Giré el pomo y empujé, pero la puerta no se abrió. Aunque era lunes por la tarde, estaba cerrado.
—Mierda —dijo Mystery—. Vamos a buscar otro sitio.
Aunque no soy supersticioso, cuando no estoy completamente decidido a hacer algo, basta una pequeña brisa para empujarme en la dirección contraria.
—No puedo hacerlo —le dije a Mystery.
—¿Por qué no?
—Me cuesta comprometerme; aunque ese compromiso sea con un tatuaje que representa la ausencia de compromiso.
Por una vez, mi lado neurótico me había servido de ayuda.
La noche siguiente, Caroline nos recogió en casa de Mystery y los tres salimos a cenar sushi.
—¿Y Carly? —le preguntó Mystery.
Caroline bajó la mirada.
—No ha podido venir —dijo—. Pero te manda recuerdos.
Mystery insistió.
—¿Te ha dicho por qué no podía venir? ¿Es que pasa algo?
—Es que… —empezó a decir Caroline—. Bueno, está con su novio. Mystery palideció.
—Pero ¿vendrá otro día?
—Carly dice que, de todas formas, sois muy distintos.
Mystery guardó silencio. De hecho, no dijo nada en diez minutos. Cuando le preguntábamos algo, respondía con monosílabos. No es que estuviera enamorado de Carly; es que odiaba ser rechazado. Mystery estaba experimentando en su propia piel los inconvenientes de seducir a una chica con novio. Normalmente, la chica volvía con el novio. Y vernos a Caroline y a mí tan acaramelados tampoco lo ayudaba.

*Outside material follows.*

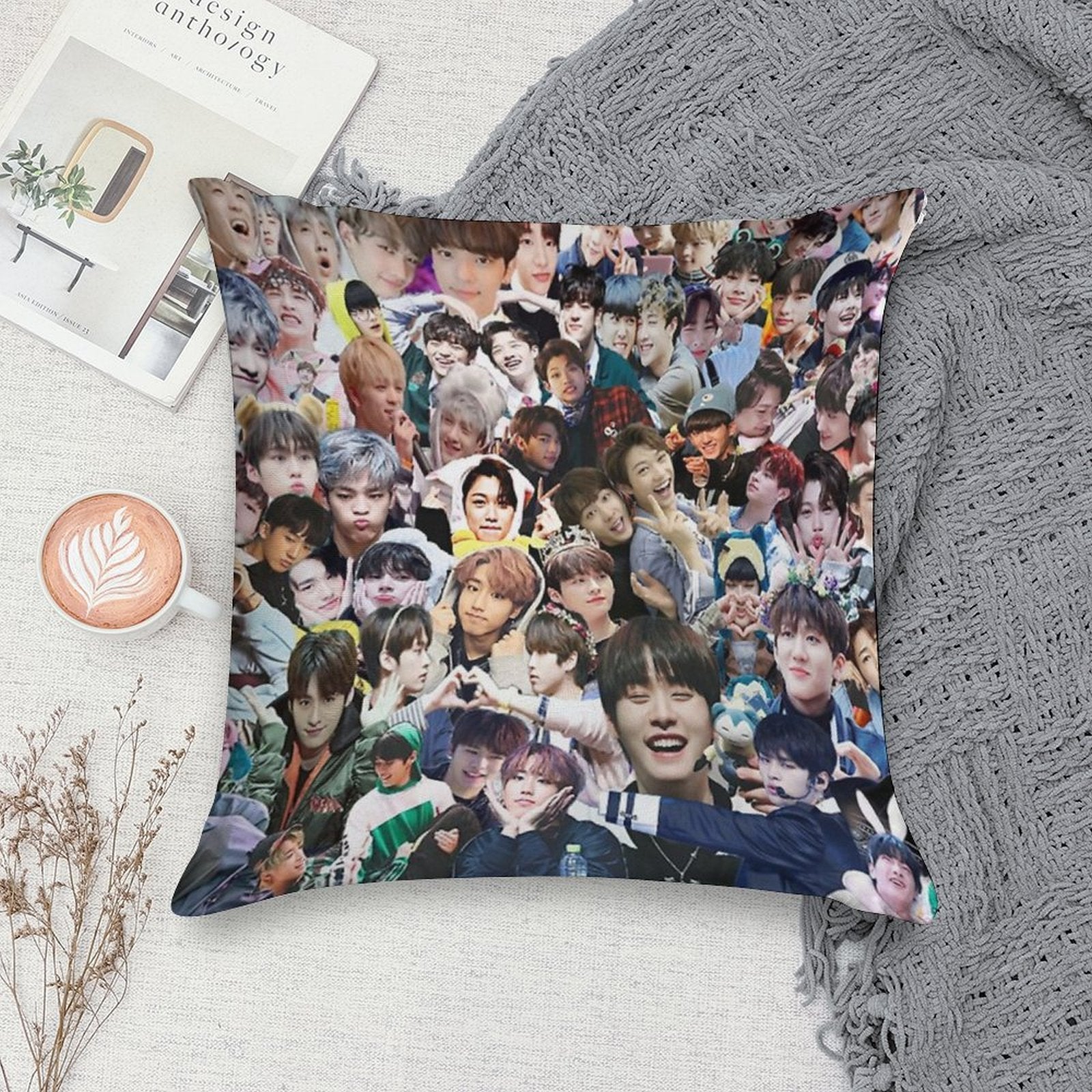 Stray Kids Soft Short Plush Fabric Throw Pillow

—Soy el mejor maestro de la seducción del mundo —gruñó mirándome con incredulidad—. ¿Cómo es posible que no tenga novia?
—Precisamente por eso —le dije yo—: porque eres el mejor MDLS del mundo.
Tras un nuevo silencio, Mystery le pidió a Caroline que lo llevara al club de
striptease
en el que trabajaba su ex novia Patricia. Caroline lo dejó en la puerta antes de llevarme a pasar la noche a la casa de las afueras en la que vivía con su madre, su hermana y un hermano; Caroline quería que conociera a su familia.